Although Marx's materialist view of history is obviously true and clearly influential, as well as being supported by modern science, it has been paradoxically and persistently misunderstood and deliberately misrepresented by friends and foes alike.

In his book about Winston Churchill, THE CHURCHILL FACTOR - HOW ONE MAN MADE HISTORY (2014), Boris Johnson declared that Churchill alone made and could make history:

"Churchill matters today because he saved our civilisation. And the important point is that only he could have done it. He is the resounding rebuttal to all Marxist historians who think history is the story of vast and impersonal economic forces. The point of the Churchill Factor is that one man can make all the difference
(Introduction).


At the end of this ghastly book, Johnson repeated his point:

"For several decades now it has been fashionable to say that these so-called great men and women are just epiphenomena, meretricious bubbles on the vast tides of social history. The real story, on this view, is about deep economic forces, technological advances, changes in the price of sorghum, the overwhelming weight of an infinite number of mundane human activities. Well, I think the story of Winston Churchill is a pretty withering retort to all that malarkey. He, and he alone, made the difference
(chap. 23).


The idea that one man alone can make history is of course not a new one. In fact, Johnson was echoing the view of an earlier hero-worshipper, in an obituary for Lenin:

"Alone in the earthquakes of the war period, this Russian revived the heroic age, and proved what the naked will of one man may do to change the course of history (Brailsford, editor of THE NEW LEADER, 25 Jan 1924 - quoted March 1924 in the SPGB's article THE PASSING OF LENIN, reprinted in our 1948 pamphlet, RUSSIA SINCE 1917).
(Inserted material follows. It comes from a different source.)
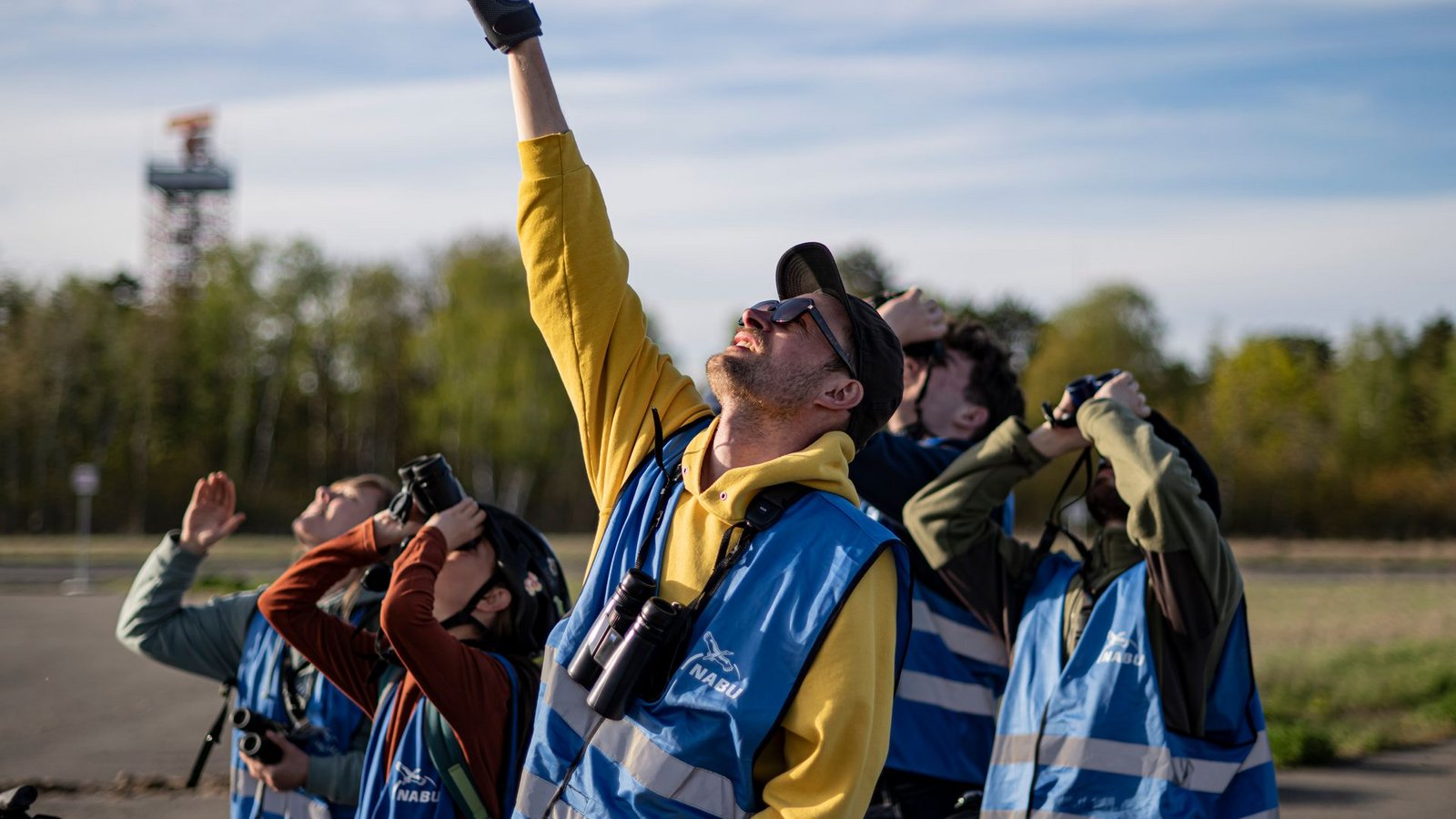 Ohne Fernglas geht beim Birden nichts.Foto: Fabian Sommer/dpa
In answer, that 1924 Socialist article argued that, far from one man changing the course of history:

[Lenin] was the product of the course of history... Despite his claims at the beginning, he was the first to see the trend of conditions and adapt himself to these conditions. So far was he from "changing the course of history" as Brailsford ignorantly remarks, that it was the course of history which changed him, drove him from one point after anther till to-day Russia stands halfway on the road to capitalism (ibid.).

The "course of history" had - as Lenin himself admitted - forced him to change his policy, to back-pedal from the chaos of 'war communism', and introduce the New Economic Policy (NEP), much to the relief of the starving workers and peasants. And to the advantage of the NEP-men, an army of assorted spivs and racketeers.

That early SPGB assessment that "Russia stands halfway on the road to capitalism" was actually spot-on, as Lenin and Stalin soon turned the peasants into wage-slaves.

As for the over-rated 'great man' theory of history, Napoleon himself wrote:

"I found all the elements ready at hand to found an empire. Europe was weary of anarchy, they wanted to make an end of it. If I had not come probably someone else would have done like me ... I repeat, a man is only a man. His power is nothing if circumstances and public sentiment do not favour him (quoted in HISTORICAL MATERIALISM, SPGB pamphlet 1975, p57).

If Napoleon or Churchill were, in their time, remarkable individuals, with an enormous impact, that is in part because of accidents: that just such a man appeared at that specific time was a historical accident. If not Napoleon or Churchill, surely someone else would have been found. Suppose Napoleon had suffered a fatal injury in some battle? Suppose Churchill had crashed his plane? No doubt a more or less able replacement would have been found.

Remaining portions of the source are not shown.